Tom Lembong sebelumnya divonis 4,5 tahun penjara dan denda Rp750 juta atas perannya dalam kasus tersebut.
Majelis hakim menyatakan, perbuatannya menyebabkan kerugian negara sebesar Rp194 miliar yang seharusnya menjadi keuntungan PT Perusahaan Perdagangan Indonesia (PPI), BUMN pengelola impor gula.
Namun, hakim menilai Lembong tidak menikmati hasil dari praktik korupsi itu sehingga tidak dibebani uang pengganti.
Lembong sempat mengajukan banding ke Pengadilan Negeri Jakarta Pusat pada 22 Juli 2025. Namun, proses tersebut belum berjalan hingga Presiden Prabowo menerbitkan keputusan abolisi pada Kamis, 31 Juli 2025.
Dengan abolisi tersebut, seluruh proses hukum terhadap Lembong dihentikan dan ia resmi dibebaskan dari penjara.
Keputusan ini memicu pro dan kontra di masyarakat. Sebagian publik menilai abolisi mencederai proses penegakan hukum, sementara lainnya menganggap keputusan itu sebagai koreksi terhadap proses peradilan yang dinilai tidak objektif.
Menanggapi hal tersebut, Mahfud MD menyatakan bahwa pemberian abolisi terhadap Tom Lembong memiliki pertimbangan rasional.
"Saya maklum ada (sebagian publik) yang cemas, tentang hukum yang diintervensi dengan politik... Itu kekhawatiran," ujar Mahfud melalui kanal YouTube Mahfud MD Official pada Rabu, 6 Agustus 2025.
Meski demikian, Mahfud menilai kasus Lembong berbeda dari kasus korupsi pada umumnya.
"Untuk kasus ini, saya pikir ini bagus. Ini hukum dari bawah sudah ‘sesat’ kelihatannya.
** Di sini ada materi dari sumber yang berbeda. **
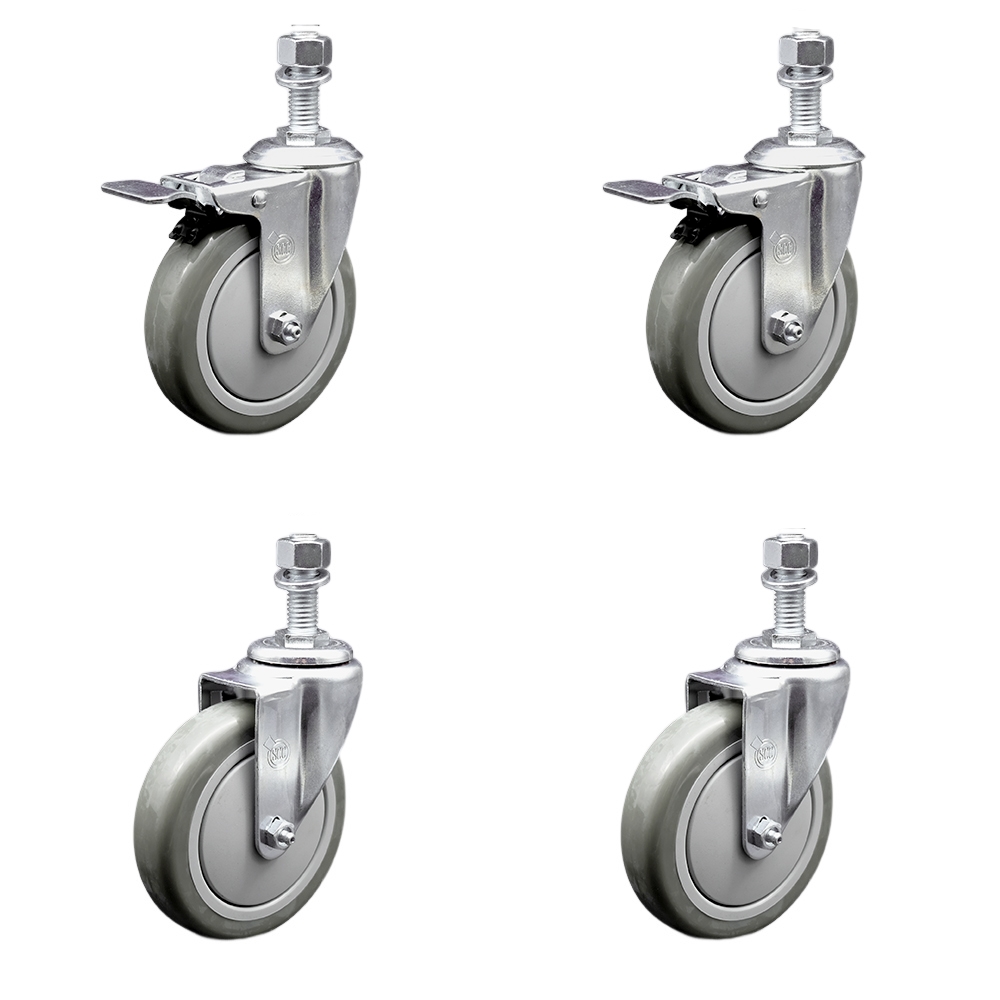 Stainless Steel Polyurethane Swivel Threaded Stem Caster Set of 4 w/5" x 1.25"  Gray Wheels and 12mm Stems - Includes 2 with Total Locking Brake - 1400 lbs Total Capacity - Service Caster Brand — photo 1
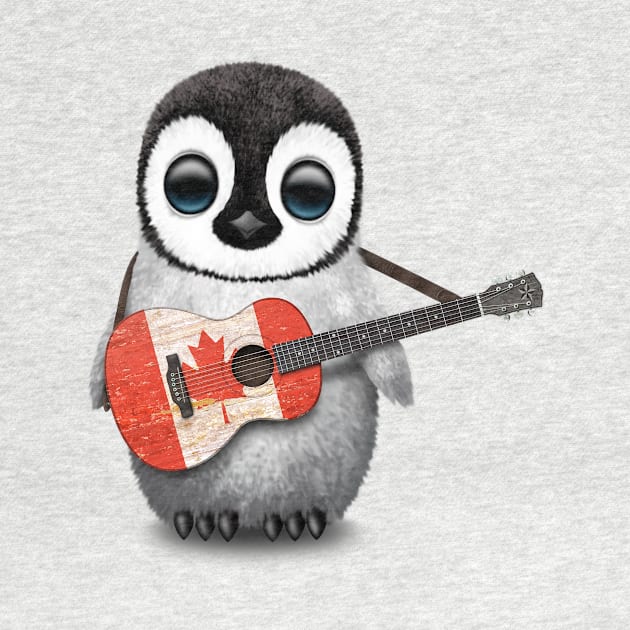 Baby Penguin Playing Canadian Flag Guitar by jeffbartels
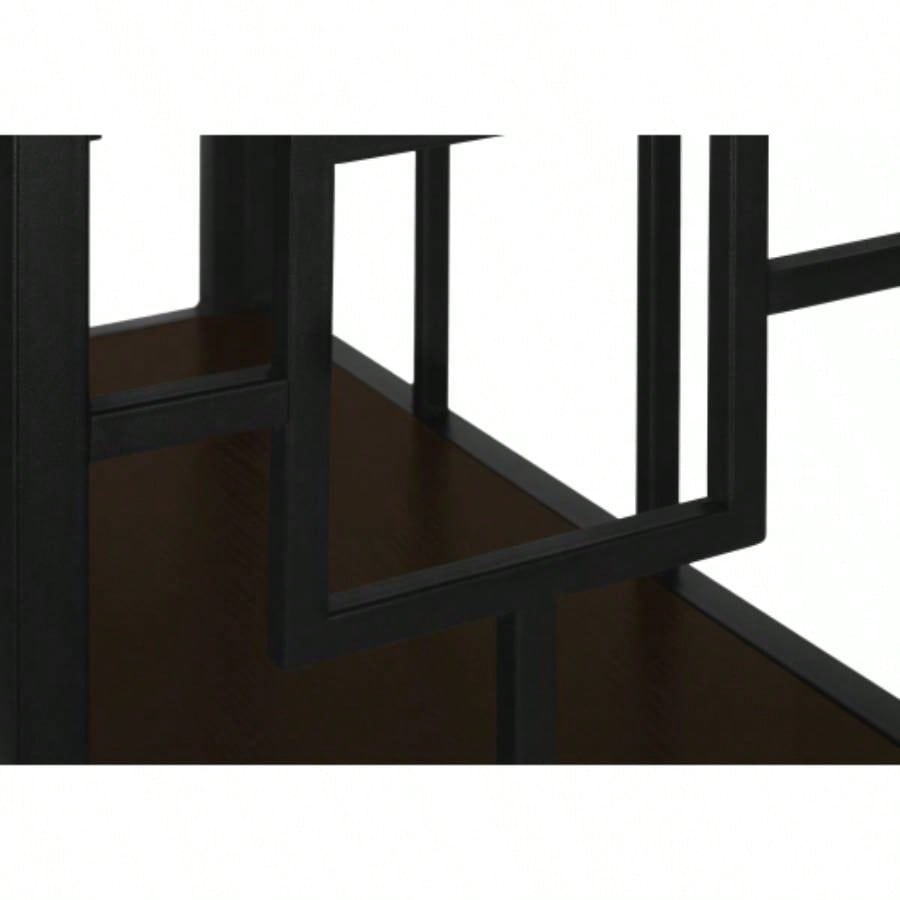 Bookshelf, Bookcase, Etagere, 4 Tier, 62h, Office, Bedroom, Brown Laminate, Black Metal, Contemporary, Modern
Kalau diteruskan ke Mahkamah Agung, hakim-hakimnya akan sama, karena sepertinya ada tekanan politik," ucap Mahfud.
Ia menilai keputusan Prabowo sebagai langkah strategis untuk menghentikan proses hukum yang dinilai tidak murni.
"Sehingga ini tidak usah sampai ke ujung. Sudah sampai di sini saja, strategis. Sehingga orang bisa mengatakan: Anda jangan main-main hukum, presiden bisa turun tangan," lanjutnya.
Mahfud juga menyoroti kekhawatiran publik terkait potensi intervensi berlebihan oleh presiden dalam sistem hukum. Namun, menurutnya, keputusan dalam kasus Lembong masih dalam batas yang rasional.